Can't find 'œ' when typed as 'oe'
Searching for Le Boeuf sur le Toit doesn't return the Paris restaurant, which is written as "Le Bœuf sur le Toit".
Oddly enough, if you try the analyzers for indexing and search, they both will expand the name correctly to "le boeuf sur le toit". Doing an ngram search for "boe" still yields the result. With "boeu" the search fails.
A test case for this specific term also passes without issues. So this seems to be something that only appears on a larger database.
Please use a separate issue on the discussion page for questions about setup.

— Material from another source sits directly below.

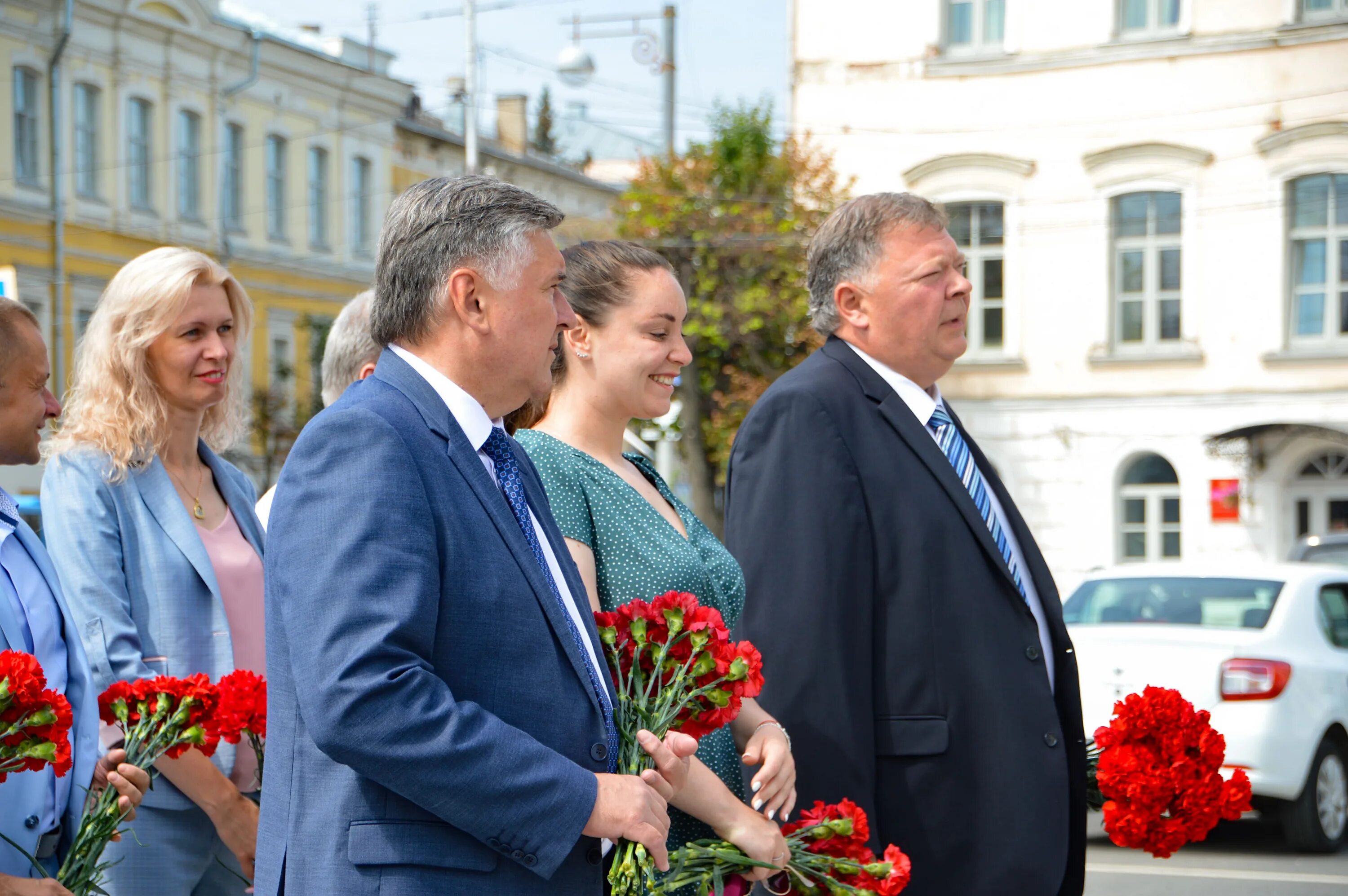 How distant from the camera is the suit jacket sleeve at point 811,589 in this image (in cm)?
338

The search works on small datasets because the tokens are few, and n-grams for "Bœuf" (expanded to "Boeuf") match short prefixes like "boe" easily. However, in a large dataset, the way n-grams are stored with edge n-grams and ligature expansion can cause slightly longer prefixes like "boeu" not to match any token, even though "boeuf" exists. Short prefixes are common enough to hit a match, but longer ones fail because the index splits or normalizes the token in a way that "boeu" doesn’t exactly exist. Replacing asciifolding with icu_folding resolves this because it handles all Unicode characters consistently across indexing and searching.
The ICU folding filter is more powerful than asciifolding. It converts all Unicode characters into their ASCII-equivalent forms, not just diacritics.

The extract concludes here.